On March 8, 2014, Malaysia Flight 370 took off from Kuala Lumpur International Airport as a regular commercial passenger flight, with its intended destination in Beijing, China. Halfway through the flight, MH370 was instructed to contact air traffic control in Ho Chi Minh City as it entered Vietnamese airspace. It never did.
Minutes later, it vanished from all flight radar, and any attempts to contact the pilots were unsuccessful. Almost a decade later, the plane and all 239 people on board are still missing, and have never been fully recovered.
In the days following the disappearance, a search effort involving 26 countries began. Using satellite information transmitted from the plane after radar connection was lost, the flight was suspected to have diverted from its normal course. Subsequently, it is thought to have flown towards the Southern Indian Ocean where it would inevitably crash due to fuel exhaustion. Search efforts in the suspected crash area on the surface of the ocean, as well as underwater, yielded no evidence of any plane crash taking place.
While the location of the missing plane remains a mystery, there is no shortage of theories on how the fate of the lost flight came to be.
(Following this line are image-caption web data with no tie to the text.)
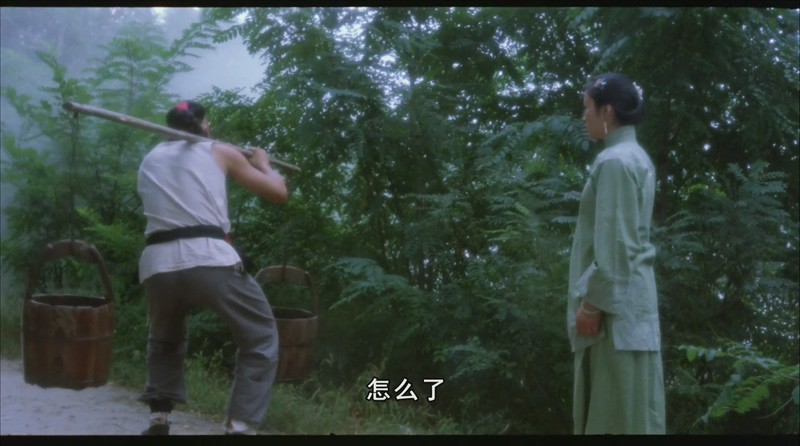 1986经典冒险《神鞭》HD1080P.国语中字截图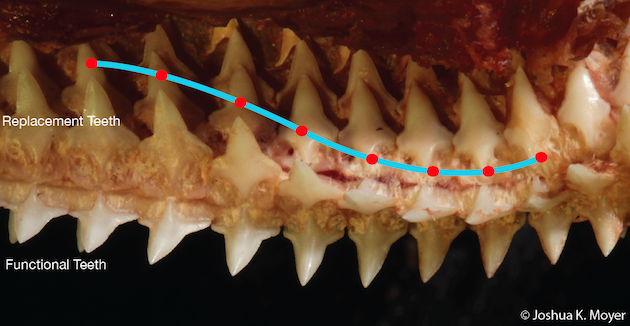 A portion of the left upper jaw dentition as seen from inside the mouth of an adult Gulper Shark. Note the sinusoidal pattern of replacement teeth moving into functional positions.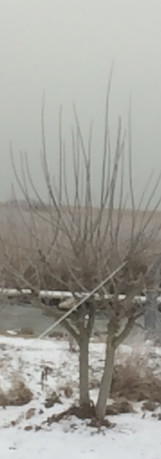 IMG_2334.jpeg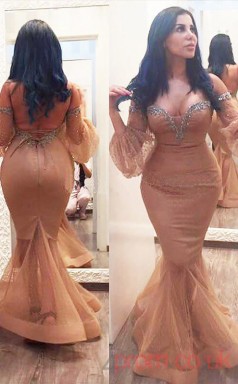 Trumpet/Mermaid Nude Pink Tulle,Lace Off The Shoulder Long Sleeve Floor-length Plus Size Dress(PLJT8016)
One of the most prominent theories is that the pilot, Zaharie Ahmad Shah, manually took control of the aircraft, and flew it to the ocean where it would crash.
The primary evidence for this theory is from information on Shah’s at-home flight simulator. When authorities investigated his home, files were found from sessions on the flight simulator from months before the disappearance. According to the Safety Investigation Report released by the Royal Malaysian Police in 2018, within the data included seven intentionally marked coordinates. When these coordinates were put together, they suspiciously resembled the predicted path that Flight 370 took towards the Indian Ocean. The Malaysian police were unable to verify if these waypoints were made in the same simulator session, or simply were a coincidence.
In addition to this, Shah was a highly credible pilot and had no suspected motives for diverting the flight. These facts cast significant doubt on him as a suspect for investigators.
Many other theories hold very little standing as plausible. Some believe that the flight was part of a wider conspiracy in which the U.S. had shot down the plane after it had flown off course. According to the theory, the plane was shot down from the U.S. military base on the island Diego Garcia, which is known for being a highly secretive facility. After this, the predicted flight path and evidence of the pilot’s involvement were allegedly crafted intentionally to divert attention and cover-up the incident.
Another theory posits that the plane could have been hijacked remotely by someone on land. However, there have been no cases of a plane ever being hijacked by a remote device in aviation history. For this reason, this theory is widely discredited as there is no concrete evidence to support it.
Today, official search efforts have remained suspended since 2017. Despite this, American company Ocean Infinity has not stopped their dedication to the search, claiming that they will begin efforts to scan the bottom of the ocean for wreckage in 2024. If efforts are successful, we can only hope that we may be able to finally have an answer to what happened to the most perplexing aviation mystery in history.